SUPPLIED DATA below:

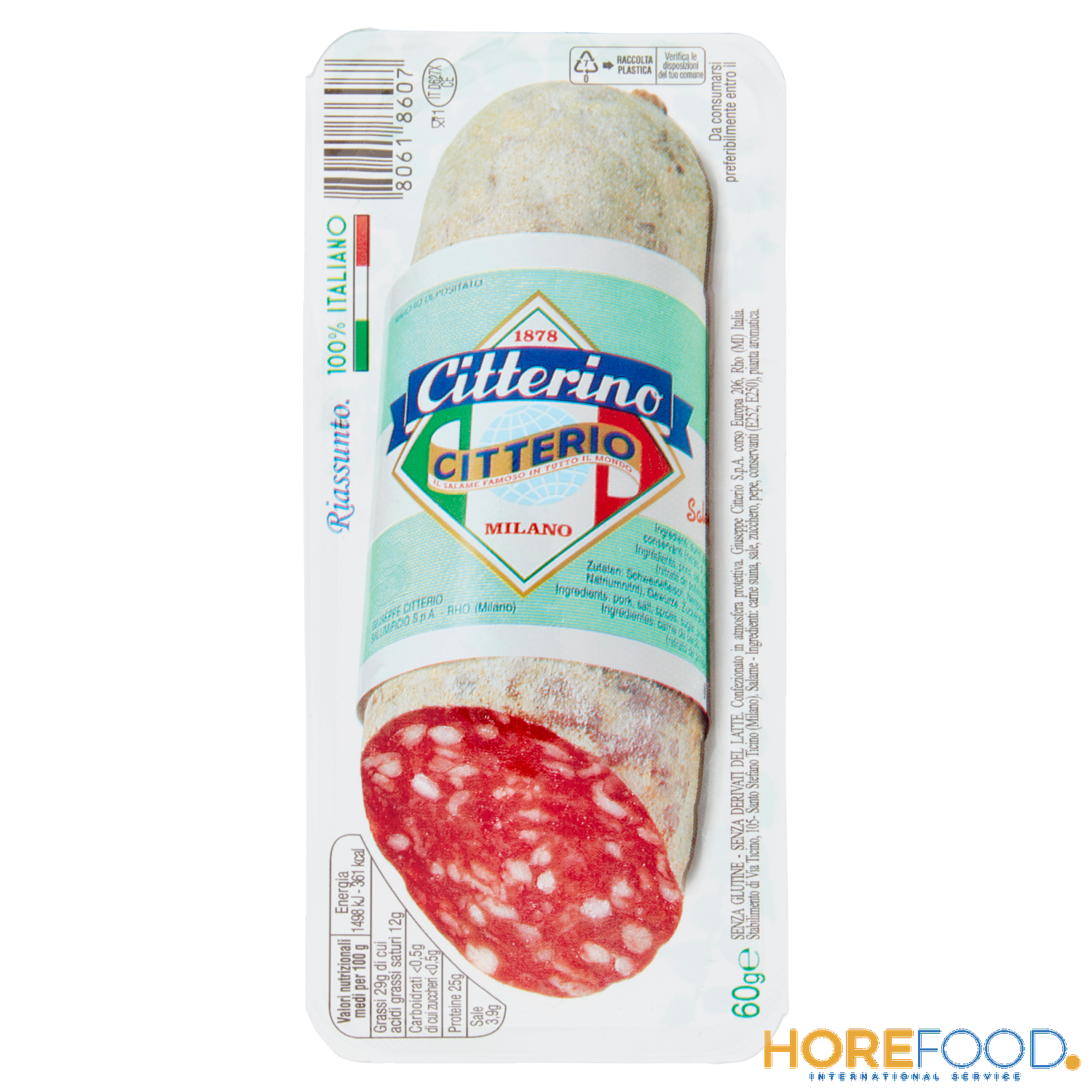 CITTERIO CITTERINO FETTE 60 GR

End of SUPPLIED DATA.
SUPPLIED DATA below:

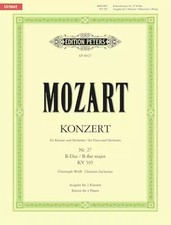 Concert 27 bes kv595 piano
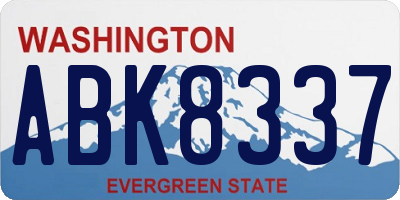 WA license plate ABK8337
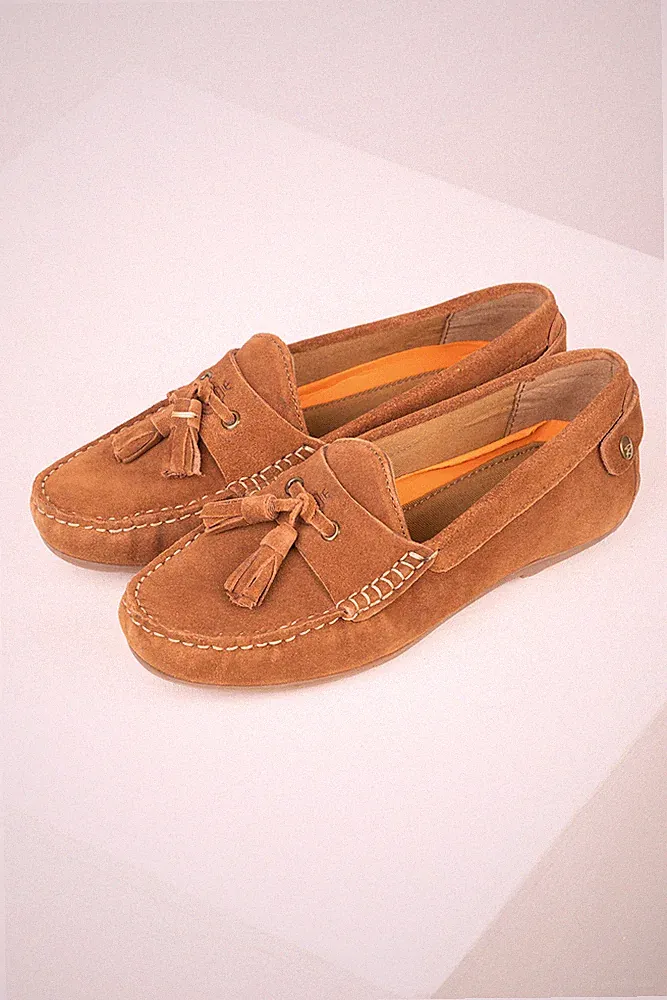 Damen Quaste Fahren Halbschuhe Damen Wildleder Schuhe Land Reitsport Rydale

End of SUPPLIED DATA.
SUPPLIED DATA below:

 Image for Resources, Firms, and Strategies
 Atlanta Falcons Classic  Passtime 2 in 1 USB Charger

End of SUPPLIED DATA.

WHAT IS EXPECTED
Your reply is to be an exact repeat of the listing above from the line holding "WA license plate ABK8337" down to the line holding "Damen Quaste Fahren", ends included, pictures excluded.

SOLUTION FOR THIS PROBLEM
 WA license plate ABK8337
 Damen Quaste Fahren Halbschuhe Damen Wildleder Schuhe Land Reitsport Rydale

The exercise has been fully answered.